Dataset extract ::
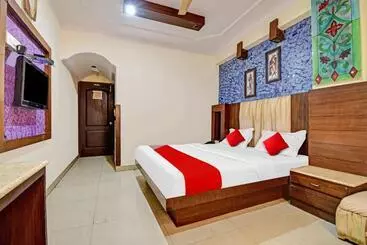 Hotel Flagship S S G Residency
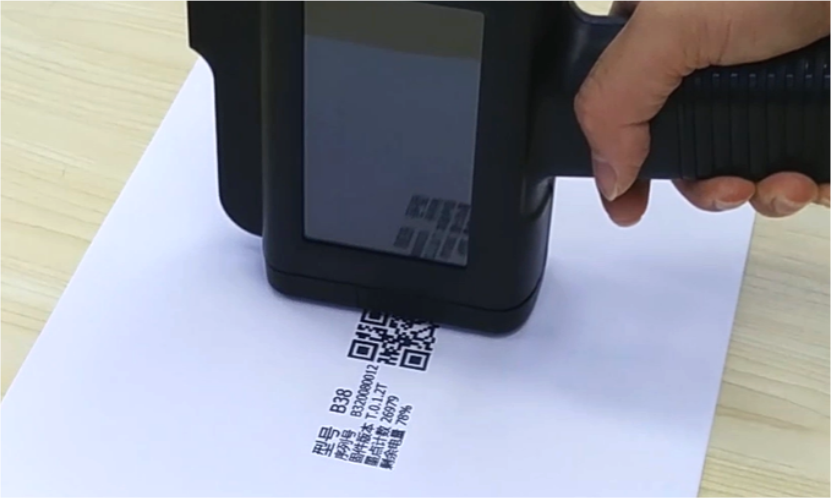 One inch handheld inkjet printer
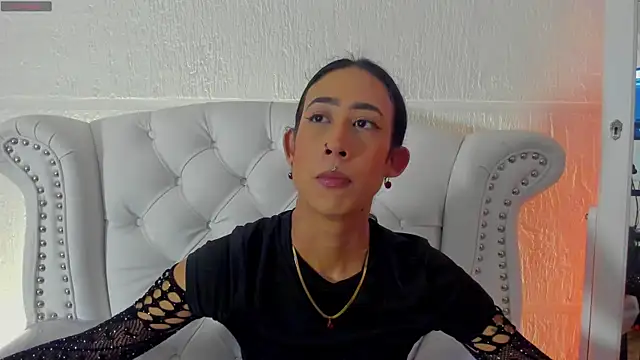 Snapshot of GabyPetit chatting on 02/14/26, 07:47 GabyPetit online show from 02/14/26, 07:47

Problem to solve :: Each line above should be set down exactly as written, with pictures excluded.

Answer to the problem ::
 Hotel Flagship S S G Residency
 One inch handheld inkjet printer
 Snapshot of GabyPetit chatting on 02/14/26, 07:47 GabyPetit online show from 02/14/26, 07:47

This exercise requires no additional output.